## INFORMATION

• • •

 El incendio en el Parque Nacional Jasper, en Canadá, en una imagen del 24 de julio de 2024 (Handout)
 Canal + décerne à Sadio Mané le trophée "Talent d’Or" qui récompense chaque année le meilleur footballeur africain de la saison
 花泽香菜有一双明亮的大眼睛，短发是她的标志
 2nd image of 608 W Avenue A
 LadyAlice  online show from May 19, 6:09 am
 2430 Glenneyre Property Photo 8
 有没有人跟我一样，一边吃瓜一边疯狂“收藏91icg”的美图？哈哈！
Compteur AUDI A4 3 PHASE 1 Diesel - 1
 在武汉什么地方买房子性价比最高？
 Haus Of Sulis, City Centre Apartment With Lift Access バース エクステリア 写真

• • •

## INSTRUCTIONS FOR THE TASK
Set down every entry again, word for word.

## TASK SOLUTION
 El incendio en el Parque Nacional Jasper, en Canadá, en una imagen del 24 de julio de 2024 (Handout)
 Canal + décerne à Sadio Mané le trophée "Talent d’Or" qui récompense chaque année le meilleur footballeur africain de la saison
 花泽香菜有一双明亮的大眼睛，短发是她的标志
 2nd image of 608 W Avenue A
 LadyAlice  online show from May 19, 6:09 am
 2430 Glenneyre Property Photo 8
 有没有人跟我一样，一边吃瓜一边疯狂“收藏91icg”的美图？哈哈！
Compteur AUDI A4 3 PHASE 1 Diesel - 1
 在武汉什么地方买房子性价比最高？
 Haus Of Sulis, City Centre Apartment With Lift Access バース エクステリア 写真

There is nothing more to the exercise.